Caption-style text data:
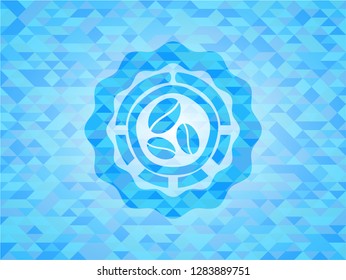 coffee bean icon inside realistic light blue mosaic emblem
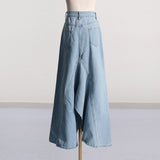 Women Dresses Denim Skirt Spring Retro Hip-Wrapped Long Skirt (Qymy0409)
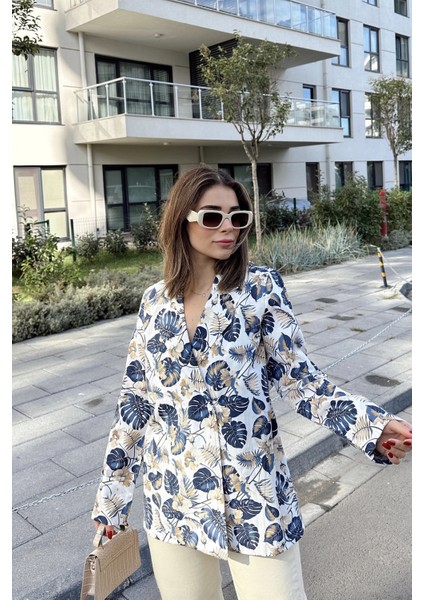 Kadın Mavi Desenli, Uzun Kol, Düğme Kapamalı, Kruvaze Ceket fiyatları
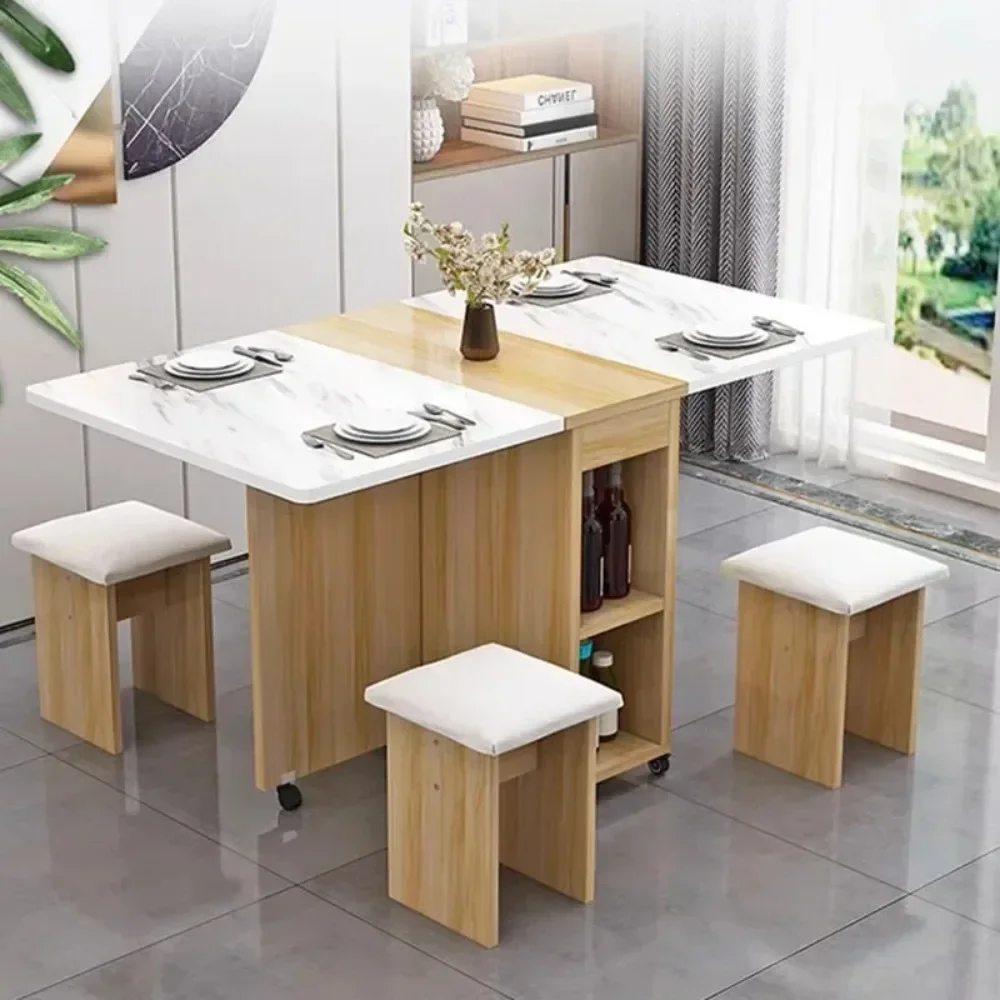 Portable Folding Dining Table Nordic Minimalist Living Rectangle Dining Table Extendable Relaxing Mesas De Comedor Furniture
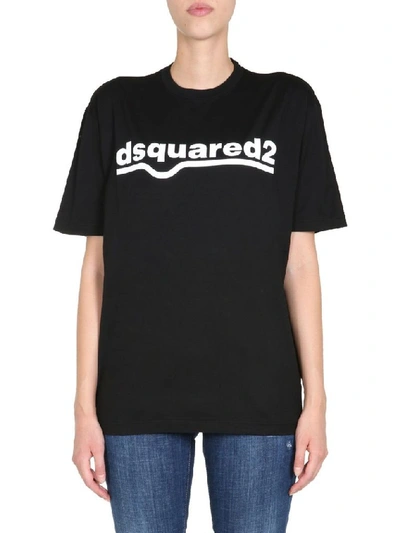Shop Dsquared2 Women's Black Cotton T-shirt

TASK OBJECTIVE: Copy every record above exactly as written, but leave out the pictures.

EXERCISE RESULT:
 coffee bean icon inside realistic light blue mosaic emblem
 Women Dresses Denim Skirt Spring Retro Hip-Wrapped Long Skirt (Qymy0409)
 Kadın Mavi Desenli, Uzun Kol, Düğme Kapamalı, Kruvaze Ceket fiyatları
 Portable Folding Dining Table Nordic Minimalist Living Rectangle Dining Table Extendable Relaxing Mesas De Comedor Furniture
Shop Dsquared2 Women's Black Cotton T-shirt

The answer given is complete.